Configure a Realm with a
CA Single Sign-On
Web Agent
When you create a domain, you can create one or more realms in the domain and associate them with a Web Agent or Agent group. Realms group resources that have similar security requirements and share a common authentication scheme.
Follow these steps:
  1. Click Policies, Domain, Realms.
  2. Click Create Realm.
  3. Select a domain, and click Next.
  4. Type the name and a description of the realm.
  5. Click the ellipsis button to select an agent.
  6. Select a Web Agent or Agent group, and click OK.
  7. Specify the remaining resource properties.
  8. Create new rules or delete existing rules.
  9. Create new sub-realms or delete existing sub-realms.
  10. Specify the session properties.
  11. Specify the authorization directory mappings and types of events the realm must process.
  12. Click Finish.
    The Realm is created.
Configure a Realm with a RADIUS Agent
When you create a domain, you can create one or more realms in the domain and associate them with a Radius Agent or Agent group. Realms group resources that have similar security requirements and share a common authentication scheme.
The Administrative UI lets you configure realms protected by a RADIUS Agent. These realms do not require all of the same information that is required for a
CA Single Sign-On
Web Agent realm.
Follow these steps:
  1. Click Policies, Domain, Realms.
  2. Click Create Realm.
  3. Select a domain, and click Next.
  4. Type the name and a description of the realm.

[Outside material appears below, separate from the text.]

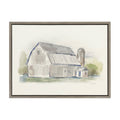 Sylvie Barn 2 Framed Canvas by Patricia Shaw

  5. Click the ellipsis button to select an agent.
  6. Select a RADIUS Agent or Agent group, and click OK.
  7. Specify the remaining resource properties.
  8. Create new rules or delete existing rules.

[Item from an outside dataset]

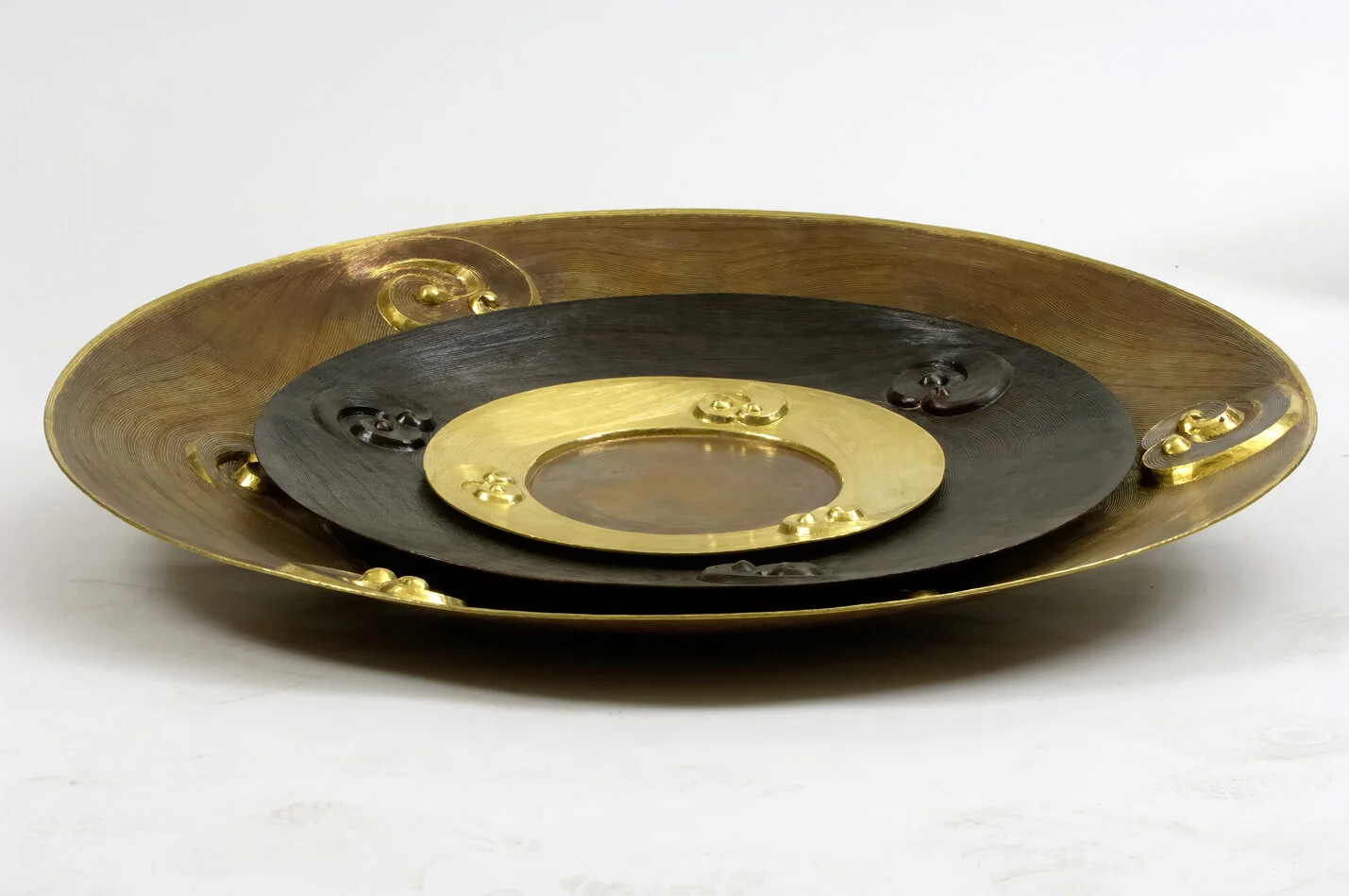 Copper Repousse Plate — Stephanie Odegard Co. Ltd. Furnishings and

  9. Specify the session properties.
  10. Click Finish.
    The Realm is created and associated with the selected RADIUS Agent or Agent group.

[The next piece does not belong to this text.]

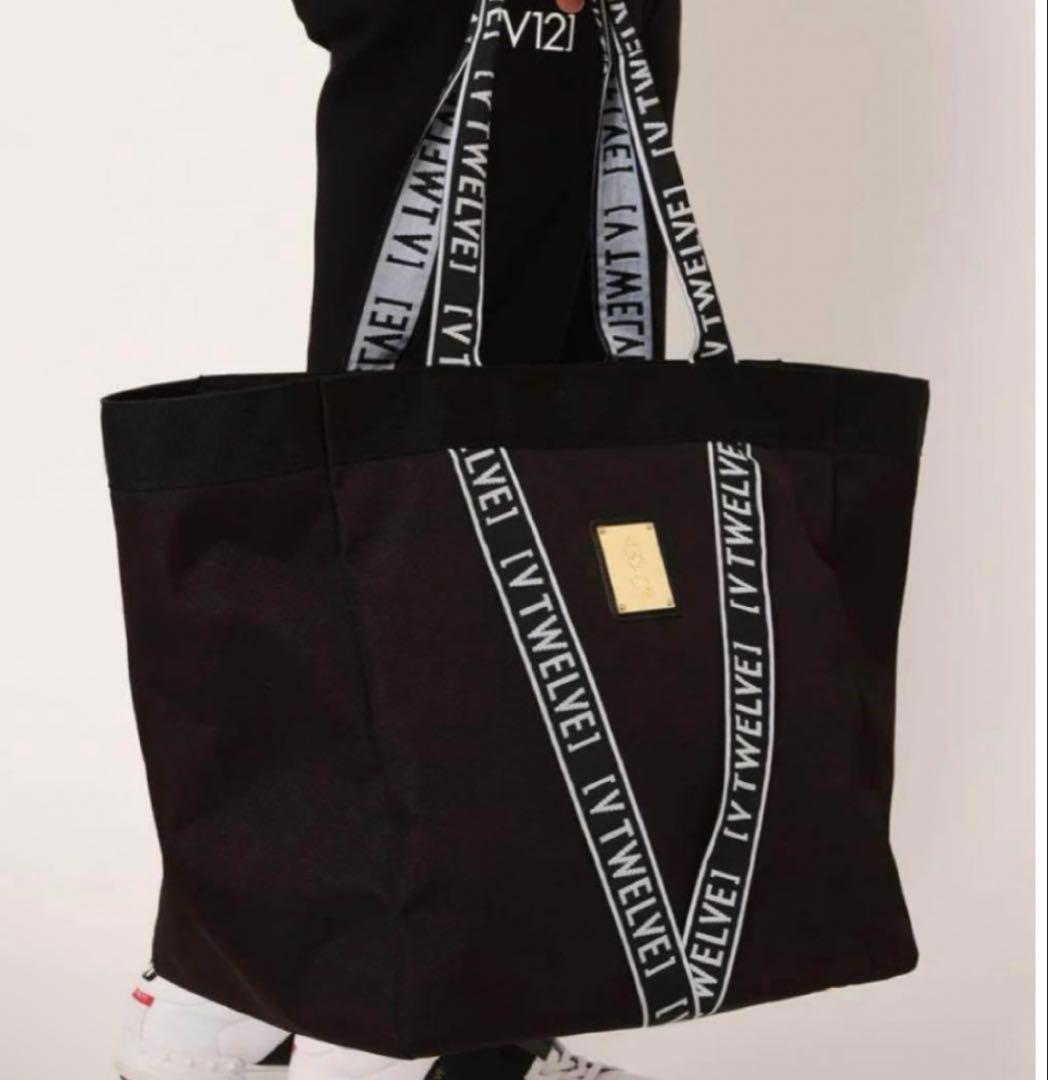 新品　V12 ゴルフバッグビッグトートバッグ　金具プレート　V TWELVE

Add CA Identity Manager Environments to a Domain
Adding a CA Identity Manager environment and the associated user directories to a domain makes available CA Identity Manager roles to policies.
Follow these steps:
  1. Click Policies, Domain, Domains.
  2. Specify search criteria and click Search to locate the domain you want.
  3. Click the name of the domain to which you want to add the environment.
  4. Click Modify.
  5. If the users that are associated with the environment are not bound to the domain, add the respective user directories.
  6. Click Add/Remove in the IDM Environments section.
  7. Select the IDM Environments you want and click OK.
  8. Click Submit.
    The CA Identity Manager environments are added to the domain. The roles associated with the environments are available to all policies created in the domain.
Disable Global Policy Processing for a Domain
Global policies let you associate responses with particular resources and events across all domains. By default, global policies apply to all of the resources in a policy domain.
Follow these steps:
  1. Open the domain.
  2. Clear the Global Policies Apply check box, and then click Submit.
    Global policies no longer apply to the resources in this domain.
Modify a Domain
You can change the name, description, user directory connections and administrators associated with a policy or affiliate domain. All other features of a domain are a result of peripheral configuration.
Delete a Domain
Deleting a domain destroysall of the domain user directories, administrator connections, and objects bound to the domain, such as rules, realms, responses, policies, or affiliates.
It may take a short amount of time for all deleted objects to be removed from caches.